With pictures left out, copy exactly every line from the one containing "Safety 1st Auto Close Metal Gate (White)" through the end of the material.

(Stored data):
_ _ _ _ _

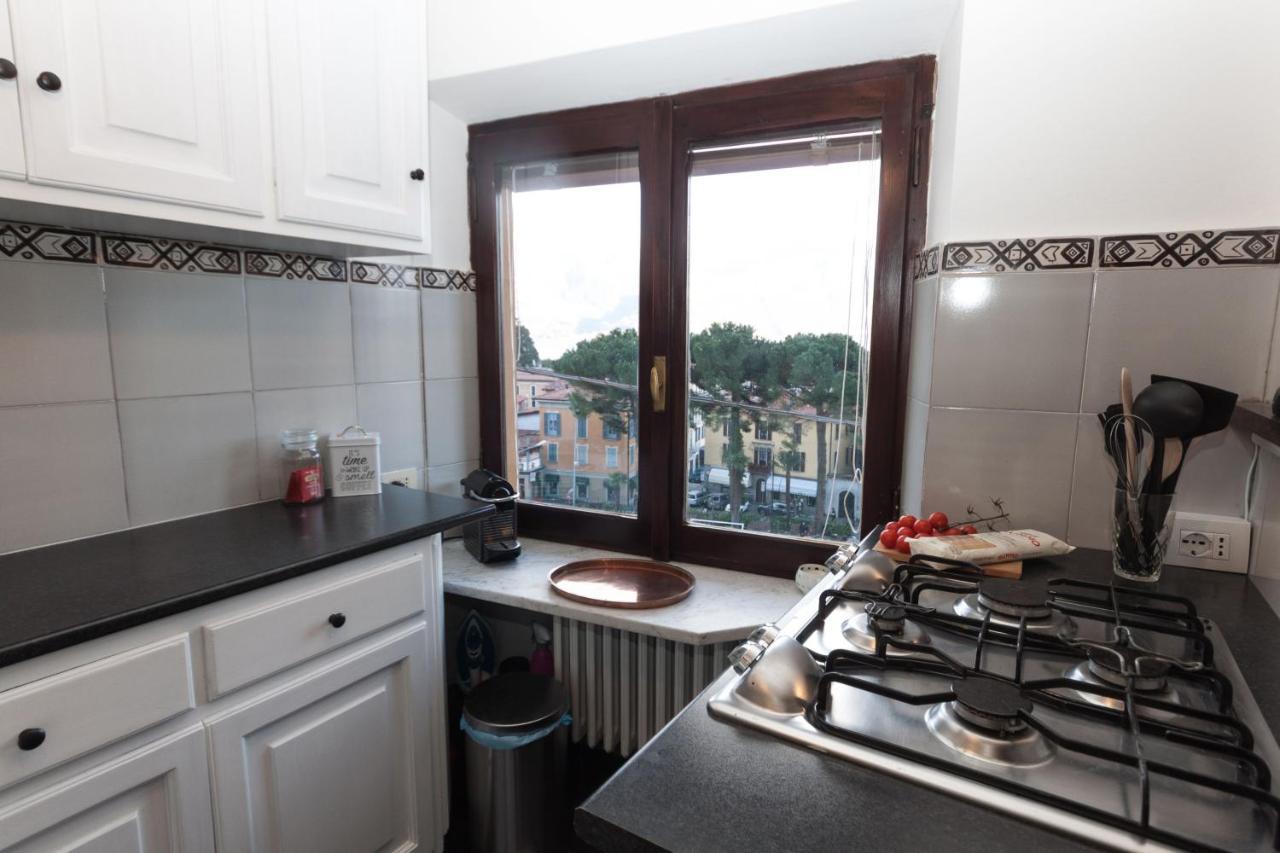 Vista Menaggio Centro Villa Екстериор снимка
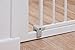 Safety 1st Auto Close Metal Gate (White)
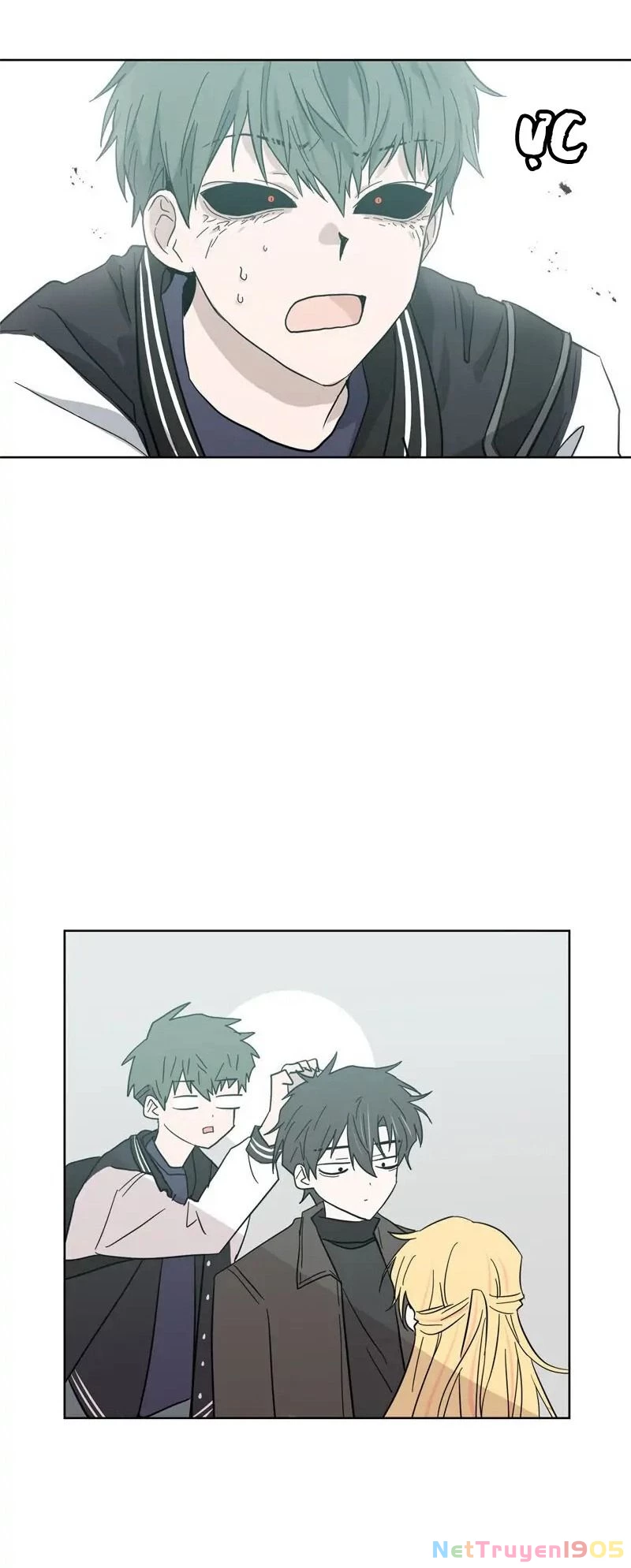 30S Làm Ma Vương Chapter 2 - 74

_ _ _ _ _

(Task response):
 Safety 1st Auto Close Metal Gate (White)
 30S Làm Ma Vương Chapter 2 - 74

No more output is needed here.